Consultado sobre esto, el referido ministerio envió un comunicado a El Comercio donde explica que “desde junio, las pruebas que hacen los privados no se están incluyendo en la data porque el objetivo de este tamizaje es distinto al que persigue el Minsa”. Además, un experto del Centro Nacional de Epidemiología de la mencionada cartera nos dijo que se dejó de contar las pruebas realizadas por privados, ya que “la importancia de ese grupo dentro del análisis de la epidemia no es muy alta, porque a nosotros nos interesa identificar a las personas sintomáticas o quienes tienen una infección reciente”.
En pocas palabras, para junio el Gobierno ha planteado un cambio en el enfoque empleado para medir la epidemia en el Perú eligiendo dejar de contar las evaluaciones hechas por los privados.
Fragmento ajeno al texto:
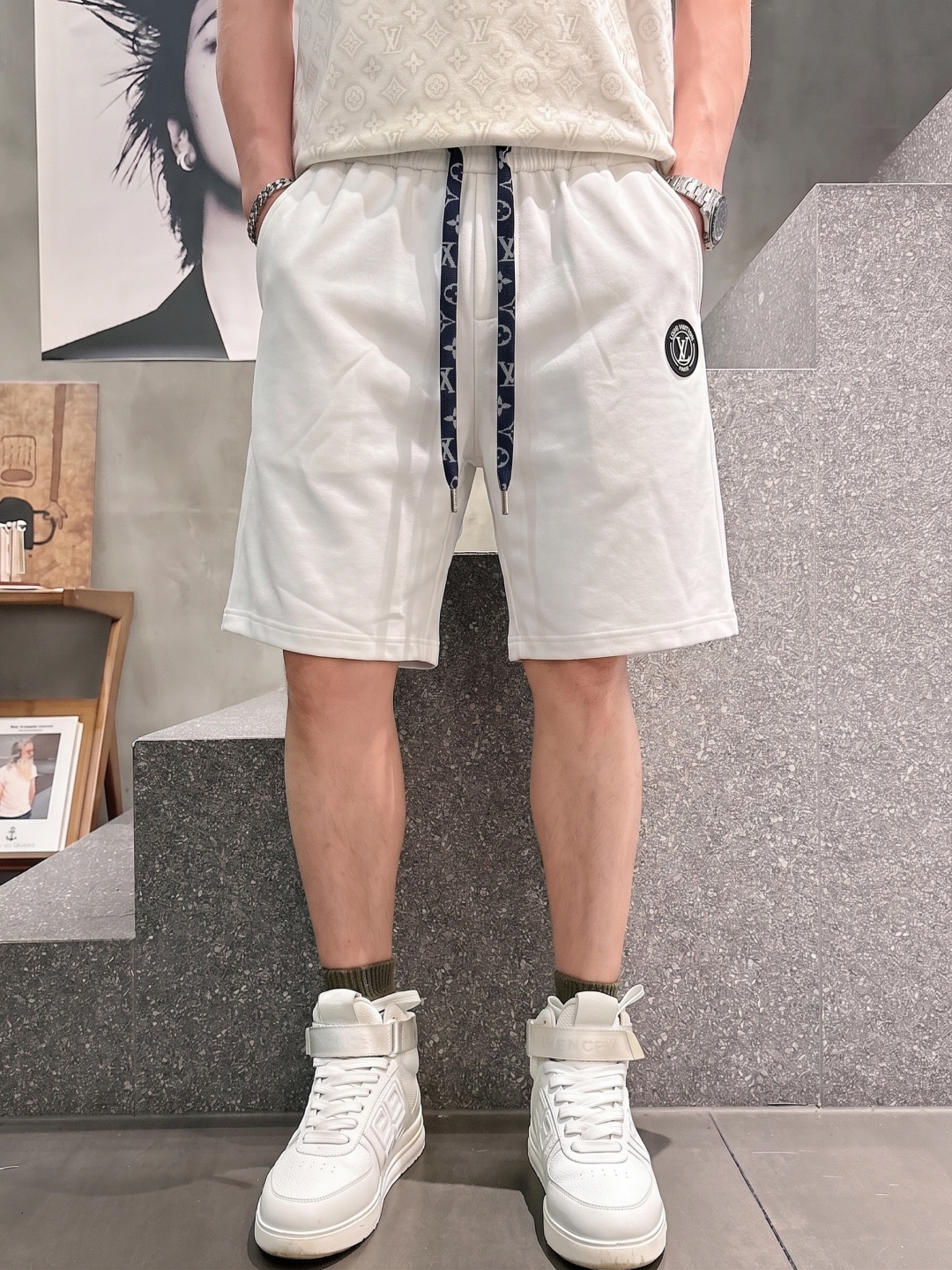 .  LV 2026春夏新款男士休闲宽松短裤 五分裤 高端货简洁时尚大方定制原版进口面料简洁利落又清爽品质做工细节精美简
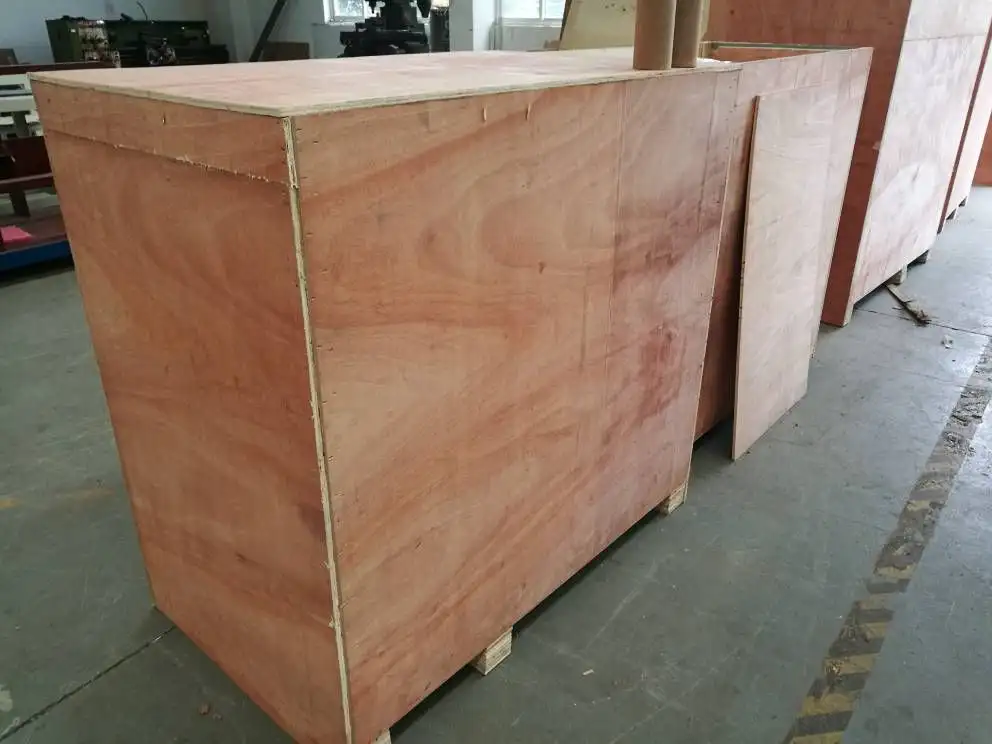 máquina con paquete de madera máquina con paquete de madera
Este reajuste, añadido a todo lo anterior, genera dudas sobre la exactitud de la curva de contagios, que se ha ido construyendo con diferentes consideraciones (de no sumar pruebas serológicas a sí hacerlo, por ejemplo), interpretando de forma imprecisa y, sobre todo, sin que se exponga de manera meridiana lo que se está haciendo. Si se festejó la mayor cantidad de exámenes, debió explicarse de igual manera la caída en los mismos.
Hacen falta menos confusión y más claridad.